Project Hail Mary 2026 Movie Review

Project Hail Mary 2026 Movie Review

Project Hail Mary 2026 Movie Review

It may have seemed like a risky move gifting Phil Lord and Christopher Miller – whose only live action movies were a pair of twentysomething Jump Streets over a decade ago – the keys to a $250 million budget sci-fi epic, which also has the damning label of ‘Amazon Studios Movie’ slapped on it, this was actually the left-field choice for our Top most anticipated movie of 2026 and, as it happens, it’s pulled off the impossible.

Dr. Ryland Grace, a slightly hapless school teacher with some controversial physics theories in his past, finds himself waking up on an interstellar ship with scattered memories of how he got there, slowly putting together the pieces of a puzzle involving the end of the world… if he doesn’t succeed in doing whatever he’s supposed to be doing out there but can’t quite remember…

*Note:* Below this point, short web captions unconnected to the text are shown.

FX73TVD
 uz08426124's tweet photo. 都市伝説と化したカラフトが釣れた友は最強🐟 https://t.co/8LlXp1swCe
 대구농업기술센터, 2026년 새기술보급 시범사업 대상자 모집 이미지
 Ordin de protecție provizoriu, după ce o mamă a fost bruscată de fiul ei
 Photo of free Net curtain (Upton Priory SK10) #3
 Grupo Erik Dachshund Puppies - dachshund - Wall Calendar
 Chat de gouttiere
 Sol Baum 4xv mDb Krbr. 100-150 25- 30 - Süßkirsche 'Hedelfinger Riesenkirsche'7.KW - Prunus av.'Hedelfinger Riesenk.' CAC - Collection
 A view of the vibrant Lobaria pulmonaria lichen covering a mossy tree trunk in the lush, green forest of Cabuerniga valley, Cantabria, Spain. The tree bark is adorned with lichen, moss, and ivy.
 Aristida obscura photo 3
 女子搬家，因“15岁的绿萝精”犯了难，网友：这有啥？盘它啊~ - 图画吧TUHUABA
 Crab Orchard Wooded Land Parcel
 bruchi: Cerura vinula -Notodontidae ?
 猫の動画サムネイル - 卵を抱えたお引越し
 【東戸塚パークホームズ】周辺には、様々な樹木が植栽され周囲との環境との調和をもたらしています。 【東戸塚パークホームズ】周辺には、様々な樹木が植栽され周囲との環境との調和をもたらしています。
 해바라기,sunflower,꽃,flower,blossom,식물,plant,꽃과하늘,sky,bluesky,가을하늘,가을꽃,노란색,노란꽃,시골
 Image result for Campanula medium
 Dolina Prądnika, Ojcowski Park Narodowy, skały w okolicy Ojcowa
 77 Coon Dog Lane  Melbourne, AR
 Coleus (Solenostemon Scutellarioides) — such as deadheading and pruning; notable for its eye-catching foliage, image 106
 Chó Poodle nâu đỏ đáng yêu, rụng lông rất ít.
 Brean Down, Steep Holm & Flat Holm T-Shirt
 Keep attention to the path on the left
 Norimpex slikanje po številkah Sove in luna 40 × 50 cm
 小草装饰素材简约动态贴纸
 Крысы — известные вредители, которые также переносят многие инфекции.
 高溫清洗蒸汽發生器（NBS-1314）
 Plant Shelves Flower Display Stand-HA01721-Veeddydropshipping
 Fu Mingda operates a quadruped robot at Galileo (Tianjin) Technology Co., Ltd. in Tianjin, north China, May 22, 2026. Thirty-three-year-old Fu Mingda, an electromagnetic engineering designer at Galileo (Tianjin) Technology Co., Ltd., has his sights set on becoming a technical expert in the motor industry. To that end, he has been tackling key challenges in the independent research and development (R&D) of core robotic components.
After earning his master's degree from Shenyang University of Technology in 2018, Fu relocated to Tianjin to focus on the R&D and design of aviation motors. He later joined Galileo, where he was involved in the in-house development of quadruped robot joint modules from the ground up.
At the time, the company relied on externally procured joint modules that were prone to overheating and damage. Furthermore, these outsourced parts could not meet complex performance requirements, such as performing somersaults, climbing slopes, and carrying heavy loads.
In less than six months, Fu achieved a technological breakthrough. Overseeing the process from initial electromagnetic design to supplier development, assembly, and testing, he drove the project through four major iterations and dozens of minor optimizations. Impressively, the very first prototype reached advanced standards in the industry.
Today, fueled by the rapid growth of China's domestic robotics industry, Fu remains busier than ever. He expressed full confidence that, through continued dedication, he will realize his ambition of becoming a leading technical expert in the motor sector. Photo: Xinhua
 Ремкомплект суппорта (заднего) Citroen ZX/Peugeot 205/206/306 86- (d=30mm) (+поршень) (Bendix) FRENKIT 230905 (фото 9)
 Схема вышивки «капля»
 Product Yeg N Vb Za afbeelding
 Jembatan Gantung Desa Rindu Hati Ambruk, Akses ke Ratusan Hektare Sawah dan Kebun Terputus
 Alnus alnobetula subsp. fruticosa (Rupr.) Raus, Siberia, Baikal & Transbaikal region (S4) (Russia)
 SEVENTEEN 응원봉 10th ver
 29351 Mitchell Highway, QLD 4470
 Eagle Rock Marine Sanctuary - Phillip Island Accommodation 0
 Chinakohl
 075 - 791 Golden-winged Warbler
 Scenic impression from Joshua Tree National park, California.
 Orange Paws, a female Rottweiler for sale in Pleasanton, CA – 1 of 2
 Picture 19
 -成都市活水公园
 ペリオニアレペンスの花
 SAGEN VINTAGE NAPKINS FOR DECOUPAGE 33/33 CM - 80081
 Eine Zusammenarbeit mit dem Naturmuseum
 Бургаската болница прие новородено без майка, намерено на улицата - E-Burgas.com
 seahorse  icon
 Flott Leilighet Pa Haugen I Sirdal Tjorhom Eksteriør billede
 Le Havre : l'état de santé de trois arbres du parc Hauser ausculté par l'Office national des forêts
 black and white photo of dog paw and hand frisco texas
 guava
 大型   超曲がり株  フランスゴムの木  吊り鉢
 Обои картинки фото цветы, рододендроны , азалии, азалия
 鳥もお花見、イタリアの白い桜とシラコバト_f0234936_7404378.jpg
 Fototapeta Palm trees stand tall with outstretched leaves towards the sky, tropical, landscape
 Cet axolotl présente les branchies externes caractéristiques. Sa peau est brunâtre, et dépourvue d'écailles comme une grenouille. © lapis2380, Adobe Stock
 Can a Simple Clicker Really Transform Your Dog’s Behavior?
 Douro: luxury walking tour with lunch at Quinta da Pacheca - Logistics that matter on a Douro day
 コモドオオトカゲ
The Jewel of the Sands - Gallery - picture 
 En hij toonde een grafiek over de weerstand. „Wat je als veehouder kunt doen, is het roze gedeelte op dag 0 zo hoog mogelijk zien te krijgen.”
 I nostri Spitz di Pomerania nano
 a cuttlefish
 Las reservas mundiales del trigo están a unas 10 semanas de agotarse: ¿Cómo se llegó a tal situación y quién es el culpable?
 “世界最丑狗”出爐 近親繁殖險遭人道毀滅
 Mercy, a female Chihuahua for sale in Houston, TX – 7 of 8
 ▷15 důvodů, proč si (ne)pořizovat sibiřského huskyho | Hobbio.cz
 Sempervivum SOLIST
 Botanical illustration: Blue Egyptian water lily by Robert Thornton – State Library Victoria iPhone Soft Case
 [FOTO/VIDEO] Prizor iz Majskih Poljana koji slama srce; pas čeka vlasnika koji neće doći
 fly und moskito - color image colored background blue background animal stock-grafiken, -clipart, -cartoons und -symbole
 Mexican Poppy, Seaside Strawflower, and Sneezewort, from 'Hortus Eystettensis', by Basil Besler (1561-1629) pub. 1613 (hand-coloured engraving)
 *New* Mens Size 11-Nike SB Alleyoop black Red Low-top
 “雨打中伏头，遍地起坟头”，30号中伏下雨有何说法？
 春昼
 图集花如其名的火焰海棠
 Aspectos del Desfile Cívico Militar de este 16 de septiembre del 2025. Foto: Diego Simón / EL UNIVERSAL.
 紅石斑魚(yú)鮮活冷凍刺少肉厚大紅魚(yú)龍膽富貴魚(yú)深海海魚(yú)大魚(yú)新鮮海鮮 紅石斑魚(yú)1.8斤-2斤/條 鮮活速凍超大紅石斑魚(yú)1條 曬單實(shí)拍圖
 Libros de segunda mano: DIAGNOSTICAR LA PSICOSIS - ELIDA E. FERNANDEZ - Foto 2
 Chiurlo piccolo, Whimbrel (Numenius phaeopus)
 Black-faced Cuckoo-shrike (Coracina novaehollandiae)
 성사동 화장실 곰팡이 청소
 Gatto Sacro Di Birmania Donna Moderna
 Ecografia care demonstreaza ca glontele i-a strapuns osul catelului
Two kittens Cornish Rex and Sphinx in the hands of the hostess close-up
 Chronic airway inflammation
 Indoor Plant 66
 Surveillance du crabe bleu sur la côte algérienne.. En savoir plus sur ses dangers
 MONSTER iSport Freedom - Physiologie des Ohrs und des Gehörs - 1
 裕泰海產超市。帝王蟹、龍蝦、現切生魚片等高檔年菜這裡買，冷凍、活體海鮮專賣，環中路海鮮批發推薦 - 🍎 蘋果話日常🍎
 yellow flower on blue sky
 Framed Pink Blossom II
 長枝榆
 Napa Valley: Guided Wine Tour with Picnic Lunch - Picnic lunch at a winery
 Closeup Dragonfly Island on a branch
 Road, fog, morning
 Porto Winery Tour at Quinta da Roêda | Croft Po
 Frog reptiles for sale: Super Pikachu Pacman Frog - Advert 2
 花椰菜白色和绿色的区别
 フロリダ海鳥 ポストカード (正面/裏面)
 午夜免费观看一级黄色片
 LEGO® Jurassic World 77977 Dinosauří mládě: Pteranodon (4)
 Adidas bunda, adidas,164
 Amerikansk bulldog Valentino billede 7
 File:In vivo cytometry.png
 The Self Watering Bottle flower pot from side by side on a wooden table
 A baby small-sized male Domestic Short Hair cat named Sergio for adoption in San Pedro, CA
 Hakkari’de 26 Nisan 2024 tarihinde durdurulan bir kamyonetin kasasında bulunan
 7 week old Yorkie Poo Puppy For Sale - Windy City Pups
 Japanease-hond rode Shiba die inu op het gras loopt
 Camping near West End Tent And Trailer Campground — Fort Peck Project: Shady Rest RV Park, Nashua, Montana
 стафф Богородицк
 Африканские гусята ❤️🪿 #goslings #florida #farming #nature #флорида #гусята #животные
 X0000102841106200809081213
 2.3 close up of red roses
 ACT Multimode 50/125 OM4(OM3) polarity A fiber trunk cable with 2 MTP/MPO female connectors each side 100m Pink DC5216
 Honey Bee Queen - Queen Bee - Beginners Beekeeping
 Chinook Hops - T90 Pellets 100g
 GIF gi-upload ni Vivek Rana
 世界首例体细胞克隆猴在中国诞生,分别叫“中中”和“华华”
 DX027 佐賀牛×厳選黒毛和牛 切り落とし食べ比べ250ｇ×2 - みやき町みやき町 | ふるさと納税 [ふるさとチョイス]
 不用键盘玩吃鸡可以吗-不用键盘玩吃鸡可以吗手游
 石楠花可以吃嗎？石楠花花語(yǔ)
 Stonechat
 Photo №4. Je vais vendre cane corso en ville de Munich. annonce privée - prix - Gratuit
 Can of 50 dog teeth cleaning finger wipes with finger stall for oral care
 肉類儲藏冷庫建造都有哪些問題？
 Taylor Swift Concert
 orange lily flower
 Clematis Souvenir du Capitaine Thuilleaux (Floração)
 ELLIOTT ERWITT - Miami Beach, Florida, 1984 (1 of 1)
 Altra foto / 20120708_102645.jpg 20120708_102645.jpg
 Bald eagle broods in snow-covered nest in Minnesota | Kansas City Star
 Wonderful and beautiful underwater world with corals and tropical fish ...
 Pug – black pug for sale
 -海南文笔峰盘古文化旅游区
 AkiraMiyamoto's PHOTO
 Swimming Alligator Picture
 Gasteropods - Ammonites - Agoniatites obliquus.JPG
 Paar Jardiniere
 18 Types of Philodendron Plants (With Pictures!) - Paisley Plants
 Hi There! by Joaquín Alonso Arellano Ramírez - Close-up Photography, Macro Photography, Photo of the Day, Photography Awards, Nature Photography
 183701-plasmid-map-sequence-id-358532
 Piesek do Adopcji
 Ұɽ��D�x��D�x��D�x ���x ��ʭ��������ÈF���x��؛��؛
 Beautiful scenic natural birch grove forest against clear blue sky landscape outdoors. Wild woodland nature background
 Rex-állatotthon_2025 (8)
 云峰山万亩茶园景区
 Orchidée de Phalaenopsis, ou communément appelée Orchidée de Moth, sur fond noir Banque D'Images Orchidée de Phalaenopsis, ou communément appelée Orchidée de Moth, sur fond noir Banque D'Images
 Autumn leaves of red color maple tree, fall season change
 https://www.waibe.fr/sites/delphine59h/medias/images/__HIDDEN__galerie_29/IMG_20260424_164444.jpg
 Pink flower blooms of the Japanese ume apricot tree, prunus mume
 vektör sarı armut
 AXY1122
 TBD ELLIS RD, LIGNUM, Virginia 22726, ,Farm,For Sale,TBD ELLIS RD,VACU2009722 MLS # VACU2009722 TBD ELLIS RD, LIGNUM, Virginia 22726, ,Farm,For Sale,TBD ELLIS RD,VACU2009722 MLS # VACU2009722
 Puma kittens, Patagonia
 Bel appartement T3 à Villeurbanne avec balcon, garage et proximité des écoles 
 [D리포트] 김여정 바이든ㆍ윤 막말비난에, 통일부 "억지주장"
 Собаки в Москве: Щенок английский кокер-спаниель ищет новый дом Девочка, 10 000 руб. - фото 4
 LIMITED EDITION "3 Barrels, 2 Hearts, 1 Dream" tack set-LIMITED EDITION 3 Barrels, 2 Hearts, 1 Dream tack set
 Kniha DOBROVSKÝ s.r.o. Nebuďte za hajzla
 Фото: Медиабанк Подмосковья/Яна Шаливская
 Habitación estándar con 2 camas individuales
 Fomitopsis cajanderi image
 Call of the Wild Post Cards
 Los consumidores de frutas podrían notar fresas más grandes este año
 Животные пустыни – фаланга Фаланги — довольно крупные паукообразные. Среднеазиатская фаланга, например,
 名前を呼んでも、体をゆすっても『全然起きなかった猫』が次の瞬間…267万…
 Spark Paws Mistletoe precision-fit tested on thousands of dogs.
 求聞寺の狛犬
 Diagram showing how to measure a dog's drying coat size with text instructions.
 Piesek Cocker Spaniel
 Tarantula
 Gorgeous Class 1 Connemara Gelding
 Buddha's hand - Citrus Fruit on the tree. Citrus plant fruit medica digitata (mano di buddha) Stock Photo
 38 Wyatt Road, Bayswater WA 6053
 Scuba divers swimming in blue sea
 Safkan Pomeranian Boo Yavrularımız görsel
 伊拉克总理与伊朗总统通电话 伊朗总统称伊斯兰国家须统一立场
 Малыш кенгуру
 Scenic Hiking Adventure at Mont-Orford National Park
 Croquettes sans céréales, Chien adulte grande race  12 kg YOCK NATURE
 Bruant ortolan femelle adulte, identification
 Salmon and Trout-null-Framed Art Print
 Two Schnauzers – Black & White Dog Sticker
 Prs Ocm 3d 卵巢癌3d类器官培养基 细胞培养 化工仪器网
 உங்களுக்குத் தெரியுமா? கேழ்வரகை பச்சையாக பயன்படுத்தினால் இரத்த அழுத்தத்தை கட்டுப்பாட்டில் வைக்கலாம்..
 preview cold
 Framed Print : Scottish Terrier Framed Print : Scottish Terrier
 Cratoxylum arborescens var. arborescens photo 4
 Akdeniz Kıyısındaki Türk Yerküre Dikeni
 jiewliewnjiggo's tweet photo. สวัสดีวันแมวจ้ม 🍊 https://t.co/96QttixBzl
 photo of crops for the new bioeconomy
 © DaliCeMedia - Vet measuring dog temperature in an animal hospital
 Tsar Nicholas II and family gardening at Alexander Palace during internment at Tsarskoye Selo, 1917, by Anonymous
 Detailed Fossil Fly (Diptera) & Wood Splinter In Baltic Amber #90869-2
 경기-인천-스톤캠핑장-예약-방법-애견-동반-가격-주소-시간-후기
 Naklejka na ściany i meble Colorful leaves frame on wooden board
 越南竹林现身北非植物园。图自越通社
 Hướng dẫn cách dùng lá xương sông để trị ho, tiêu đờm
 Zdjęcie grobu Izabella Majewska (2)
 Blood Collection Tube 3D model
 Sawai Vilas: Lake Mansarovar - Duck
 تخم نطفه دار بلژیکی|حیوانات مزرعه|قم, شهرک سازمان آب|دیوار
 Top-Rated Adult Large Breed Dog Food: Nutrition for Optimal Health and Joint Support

Of course, under the hood, there’s a lot more going on that makes this work than just 21 Jump Street and Amazon, the latter taking an impressive monetary gamble, but one which was arguably justified – crafting this year’s Interstellar, Gravity, The Martian, plus going one better in terms of the original vibe for the piece, one which will certainly prove divisive but is absolutely down to how much you dig Ryan Gosling’s charmingly goofy schtick. Lord and Miller are far more than just their live action credentials, having also done the boundlessly innovative The Lego Movie, with Lord writing the insanely great Spider-Man: Into the Spider-Verse and them both writing the sequels to both of those movies. And that’s just the directors.

The story is by Drew Goddard, who also adapted The Martian, which was also written by the same author as the book for Project Hail Mary – Andy Weir – a hard sci-fi epic which definitely has vibes of The Martian meets Interstellar but also very much goes and then some in its added and extremely audacious gambits, the likes of which Lord and Miller appear to be the only ones even vaguely equipped to rationalising in a film of this scope. It’s imaginative, intelligent, and frequently outright laugh-out-loud hilarious – a combination which is almost impossible to perfectly realise in a 2.5 hour Big Screen sci-fi epic, balancing the humour with tension and delivering a resoundingly heartfelt and extremely satisfying ride.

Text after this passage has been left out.